During the summer, though, I often forego making a long simmering sauce and just sweat some onions and garlic with a bit of basil, then add some coarsely chopped fresh tomatoes just long enough to heat them up. Dump it on the pasta, red pepper flakes to taste, top with grated cheese and enjoy.

And Big House Red is a great wine for such dinners.

mjb.


----------



## siduri (Aug 13, 2006)

sugo means juice or sauce. Succo means juice like apple juice, orange juice, but sugo is a variation on succo (with obviously the same root) and is sometimes used to mean the same. But sugo also and more commonly means pan drippings, tomato sauce (like pasta sauce), the juice that comes out of any cooking food. Broth instead, is "brodo" - quite a different beast (old goats aside). 

And BDL, now come on, what's teh difference between boiling an old goat and boiling an old chicken and getting a nice soup out of it, eh? Well, with the exception, in the category of old goats, of anthony bourdain - i wouldn;t want to eat him (since i think scavenger mammals are not very good to eat).


----------



## boar_d_laze (Feb 13, 2008)

Another internet joke that sunk in the Arctic Ocean between London and New York. The joke is: _I'm an old goat; and so is Anthony Bourdain_.

Actually, I believe in eating goat, and like goat and kid meat prepared in a variety of ways. At some point in the late sixties I lived on a commune with goats and horses, and ended up being the caretaker for both since everyone else was too stoned and irresponsible. There I learned my optimal ovine vocation was eating rather than milking goats.

BDL


----------



## siduri (Aug 13, 2006)

glug glug glug


----------



## rpmcmurphy (Jan 8, 2008)

made BDL's recipe...added a leftover shallot, and only put about 5oz of wine (chianti) in....came out great..I loved the kick of the pepper flakes, and added just a TAD more. a little more garlic too.

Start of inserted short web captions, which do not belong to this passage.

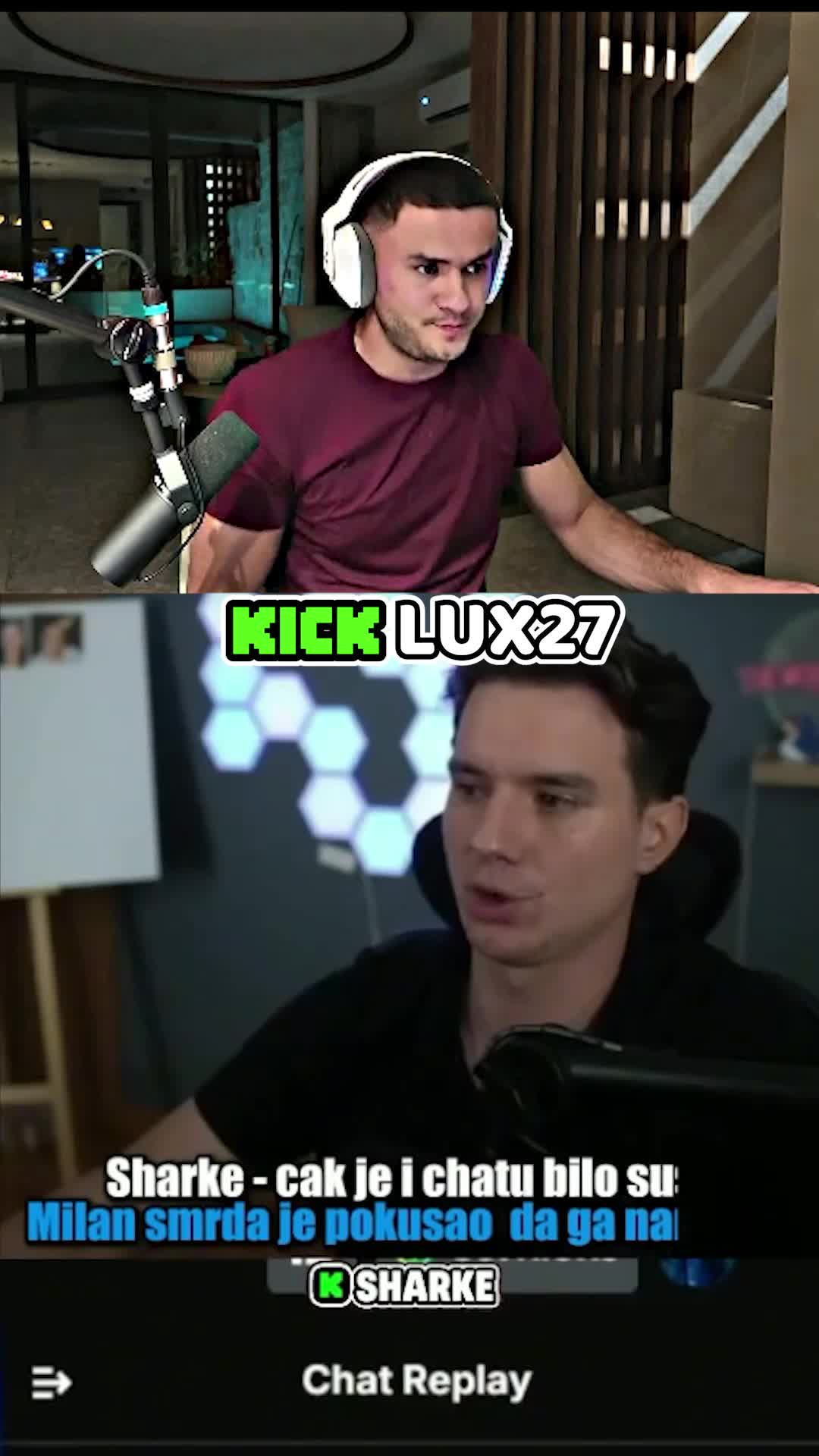 @luxovkliperr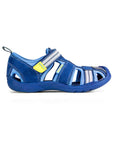 Pediped Flex Sahara Sky Adventure Sandals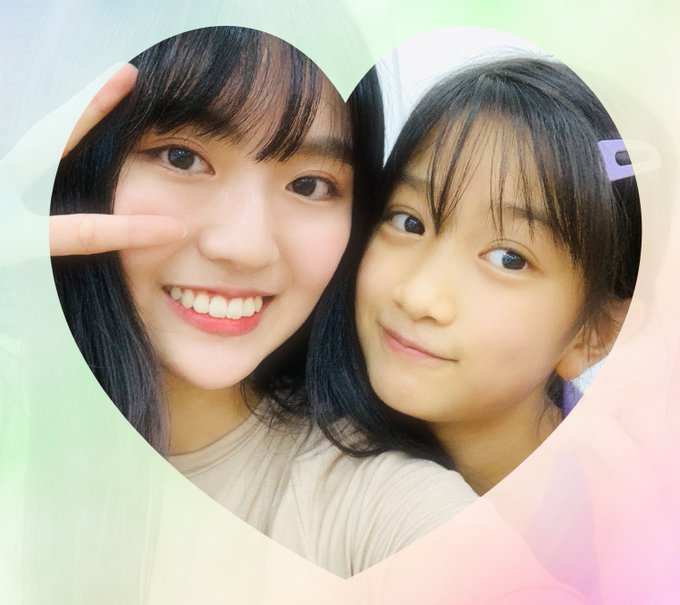 Twitterのコスプレ画像24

one thing I'm noticing is that I'm whipping up things much faster and without thinking. I can read a basic recipe, and since I understand the steps a little better and understand what its going to taste like...don't usually have to look at it again....great feeling.




























Perfect amount for a box of pasta too. I did use crushed tomatoes though.


----------